These are the importers who have never heard of a “letter of credit,” much less opened one, the “suitcase merchants” who travel to Dubai and the Far East every month to haul in cheap consumer goods on baggage trolleys, as well as their collaborators who stay at home to push the stuff in the open-air markets. These are the second-hand goods dealers and distributors opening up small towns to commerce. They are the vanguard of the African middle-class.

These people are rarely well-educated, though, and they share none of the cultural traits seen in the West and Asia as prerequisite to a middle-class life. Many young and educated Africans, on the other hand, share few of the economic traits associated with middle-class status elsewhere. Lacking a regular income and strong social networks, and bereft of the professional grooming and mentorship opportunities available to true middle-class types, they have become a monument to an educational system increasingly at odds with the social and economic realities of the new Africa.

This amazing contradiction in most African societies — of an expanding educated underclass and an ‘uneducated’ rising economic class — sums up why the African economy is struggling to acquire the characteristics one would expect of an economy bursting with middle-class vibes. Simply put, even were the number of middle-class people expanding as dramatically as some observers claim, there is no guarantee that market and consumer behavior would look anything like what emerged in other societies when their middle-class population begun to approach critical mass.

Naturally not. Bright Simons has hit the nail on the head. This emerging consuming class has none of the characteristics assumed as a given when considering the “middle class” household’s consumption patterns or preferences. Few credit cards or regular payslips may be present; the majority being one of the vast majority of Africans – 96% of all mobile phone owners – who are on cash only prepaid phone and data plans. While their incomes maybe too volatile for market researchers seeking to segment them into neat pigeonholes of disposable incomes, their activities are too dynamic to relegate them to the ‘bottom or base’ of any poverty indicator. In fact, these characteristics describe the bottom of the pyramid (BoP) consumer mindset and behaviour without the assumption that poverty is a steady state uninfluenced by aspirations.

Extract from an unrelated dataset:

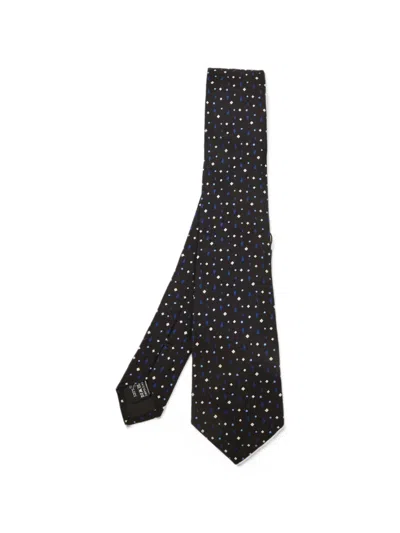 Pre-owned Giorgio Armani 2012 Geometric Jacquard Tie In Black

Light fixtures installed and ready for future electric connection, Kitui, Kenya April 2013

This dynamism is a characteristic of the opportunity available at a certain point of time or when factors are just right, and it swings enough to allow the aspiring informal bourgeoisie to risk the additional investment in symbols of ‘having arrived’ – a much larger and tangible shift in daily life such as a vehicle upgrade (bicycle to motorcycle) or an LPG cooking stove to replace the charcoal. These are not simply the additional momentary cost of a brand name takeaway meal but usually imply an increase in household budget.

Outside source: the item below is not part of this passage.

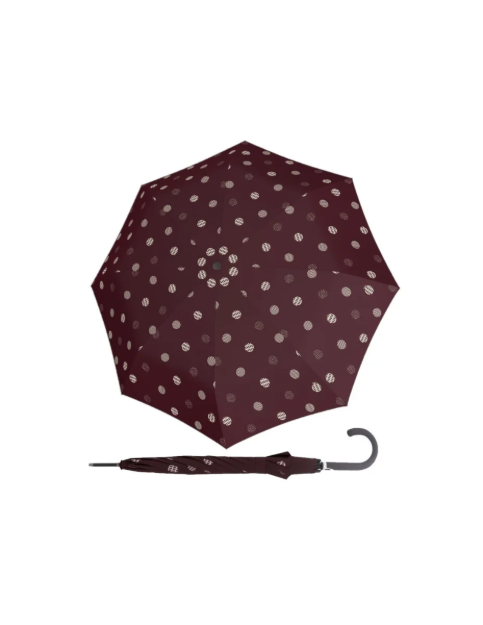 Obrazek DOPPLER Fiber Flex AC Timeless Red Dots - damski beżowy parasol na goleń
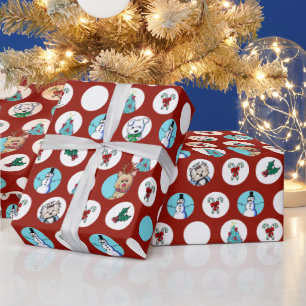 Papel De Presente KiniArt Cães Snowman Natal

And these aspirations are very often signaled to the entire community, especially when they are one of the tangible class markers of clear upward mobility like a connection to the electric grid. It is not uncommon to see homes of the global emerging middle class all kitted out with wiring and fixtures just waiting for that last jump up for the brass ring.

These dynamic GEMs are far more likely to be representative of the Africa Rising narrative, than the now obsolete image of the ‘poor African’ villager.

Market Segmentation in the Informal Economy

This table is from “How to profit from Africa’s different consumer groups” and the research is from NKC Independent Economists group. There is something lacking in understanding the patterns of purchasing power when segmentation methodology from the formal economy are applied ad hoc to markets which are primarily informal.

As mentioned at the end of the previous post, an alternate method of segmenting the mass majority markets across Sub Sahara might be to cluster by volatility of cash flow. Farmers, for example, will tend to have cash 2 or 3 times a year, based on their crop and their geography, and some of these will be earmarked ahead for farm inputs.

Then, depending on which segment one is targeting and the proportion in that bracket earning a living from a variety of sources rather than a fixed salaried job, one can assess how much adaptation would existing business models and payment plans require for reaching the majority of the target audience.
 This will differ from product to product, the articles breathlessly divulging all about this suddenly recognized African consumer market are still focusing on the creamy layer at the top of the income pyramid with their mentions of ice cream and caviar.

The old way focused on amounts of periodic cash flow, that is, income, as a means to segment people by disposable income available for consumption. The new way might have to look at their basket of groceries and then decide based on purchasing patterns.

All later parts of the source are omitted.